Plant stemless, flowering to 51 cm high.
Leaves thick, covered with coarse, closely appressed cinerous scales;
Sheaths large, broadly ovate, forming an ovoid or ellipsoid pseudobulb 7-10 cm long, merging gradually into the blades, the outer sheaths much reduced and bladeless;
Blades involute, narrowly triangular, somewhat recurved, slightly contorted, 11-29 cm long and 2 cm wide.
Scape erect, stout, glabrous, colored cherry to ruby;
Scape-bracts imbricate, foliaceous, lanceolate, the blades arching-recurved, slightly contorted, appressed lepidote.
Inflorescence bipinnate from a few spikes;
Primary spikes suberect, narrowly lanceolate or sublinear, 15-19 cm long, 1.5 cm wide; rachis glabrous, colored as scape.

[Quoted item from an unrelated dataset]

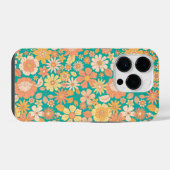 ピンクとオレンジの春の花柄 iPhoneケース (裏面横)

Floral bracts imbricate and covering the rhachis, lanceolate, acute or submucronate, 3.5 to 4.5 cm long; terminal bracts citron green when immature, mature bracts varying from brick red to salmon, exceeding the sepals, 4-6 times as long as the internodes, straight toward apex, slightly, if at all, carinate, coriaceous with a hyaline margin, more or less nerved. glabrous. lustrous.
Sepals linear-lanceolate, acute, 28-31 mm long, 3 mm wide, thin except the subcoriaceous base, nerved, posteriorly carinate and connate for 1/2 or more;
Petals tubular-erect, 5 cm long, lavender;
Stamens and pistil exserted.
Type: P. Isley (holotype SEL), without specific locality, El Rancho, Guatemala. Included in a shipment of plants to the United States in 1977.
Etymology: The specific name honors Mrs. William B. Wisdom of New Orleans, a founding member of the Greater New Orleans Bromeliad Society.
T. X wisdomiana Isley, hyb. nov. forms a beautiful intermediate between the sympatric T. xerographica Rohweder and T. paucifolia Baker.
Although this plant is much larger than T. paucifolia, the base has the bulbous shape common to the group that also includes T. caput-medusae Morren, T. butzii Mez, and T. bulbosa Hooker.
Because of the spreading and contorting leaf influence derived from T. xerographica, this plant at first appears to have T. caput-medusae as one of its parents rather than T. paucifolia. That condition is not considered likely because the former does not overlap its habitat range with T. xerographica in the El Rancho region as does T. paucifolia.
The pseudobulb of T. x wisdomiana is like that of T. paucifolia, but more ovate, suggesting the influence of T. xerographica. T. x wisdomiana more closely resembles T. paucifolia than T. xerographica with its broad, ovate pseudobulb, the narrowly triangular and involute leaf blades, and blunted, soft leaf tips. The scape and inflorescence are, however, similar to T. xerographica, but much reduced in size.